Terzo Valico, così i privati infilano Prodi nel tunnel

Domani il piano finanziario al governo. C’è anche Mediobanca E senza Ferrovie l’opera potrebbe costare un miliardo in meno

Anticipano solo che sarà «un piano finanziario altamente innovativo». Al governo lo presenteranno domani e con una novità su tutte: ai nomi già noti, Intesa, San Paolo, Lombarda e Carige, per quanto riguarda gli istituti di credito e Impregilo capofila dei massimi operatori del settore logistico e dei trasporti, si aggiunge Mediobanca. Tutti pronti a finanziare il Terzo Valico.
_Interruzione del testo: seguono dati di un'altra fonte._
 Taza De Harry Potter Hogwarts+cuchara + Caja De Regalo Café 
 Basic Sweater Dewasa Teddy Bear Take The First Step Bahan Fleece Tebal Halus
La formula che hanno studiato, a volerci mettere un po’ di romanticismo, è un po’ come il treno, che sarà pure antico, ma resta il più avanzato strumento di sviluppo. Così, la filosofia sarà quella già sperimentata per la costruzione delle autostrade italiane, ma si avvarrà della «rivoluzione» resa possibile dalla riforma del project financing. I privati investiranno la cifra necessaria a realizzare l’opera, e la recupereranno gestendola per un certo numero di anni attraverso una concessione da parte dello Stato. Poiché però trattasi di infrastruttura complessa e dai lunghi tempi di realizzazione, la stima parla di una decina d’anni, la richiesta al governo è di contribuire, da subito, con una sorta di rata annuale, che potrebbe ammontare a circa 300 milioni di euro l’anno. Vista da qui, dal tavolo che a Milano ha messo nero su bianco i dettagli, il treno veloce Genova-Milano sembra già sul binario di partenza. Tanto più che, realizzandolo i privati, l’ammontare complessivo potrebbe essere addirittura inferiore a quello stimati fino a oggi. Il progetto definitivo infatti parla di 4,7 miliardi di euro. Un miliardo e 199 milioni dei quali però si sarebbero spesi nel caso in cui fosse stata Rfi a realizzare l’opera: 164 alla voce «arbitrato e oneri pregressi», 6 di tasse sugli espropri, 385 per gli imprevisti, 284 per «ingegneria più accordi», 360 di «adeguamento monetario». Tolte queste voci e tolti i 431 milioni di opere di compensazione per l’impatto sul territorio, che comunque spetterebbe al governo finanziare, i privati potrebbero dover sborsare 3,5 miliardi. Se poi si decidesse di costruire non due gallerie, ma una a doppio senso, ci sarebbe un ulteriore risparmio del 25 per cento, fino a 2.650 miliardi. In totale, anche se banche e imprese dovranno stipulare coperture assicurative, rispetto ai 4,7 miliardi di partenza il totale potrebbe ridursi sensibilmente. Tant’è vero che la cifra di partenza, quella stabilita dal progetto preliminare, ammontava a 3349 miliardi, che diventavano 3780 con i 431 delle opere compensatorie. Ipotesi che saranno chiarite a Roma domani, quando la cordata di privati presenterà il piano al governo.
«Al di là delle tecnicalità finanziarie, è fondamentale rendersi conto che siamo al punto di svolta - avverte il senatore Luigi Grillo di Forza Italia, che da mesi tiene il fiato sul collo di chiunque possa metter mano al portafogli -. Il Paese deve recuperare un ritardo storico sul fronte delle infrastrutture, e poiché il governo lamenta una mancanza di risorse, la chiave di volta è affidarsi ai privati. Bene, i privati ci sono, sono qui a dire come intendono finanziare l’opera, con un piano mai sperimentato prima in Italia. È chiaro che lo Stato non potrà esimersi dal fare la sua parte, ed è chiaro che il governo a questo punto non potrà più dire di no». Anche perché, altrimenti, al general contractor, il Cociv, che infatti fa parte della cordata, il governo dovrà rimborsare 500 milioni di euro sull’unghia e a vuoto. Ma poiché tutto è possibile, non resta che aspettare e vedere se il 2007 porterà in dono il treno veloce.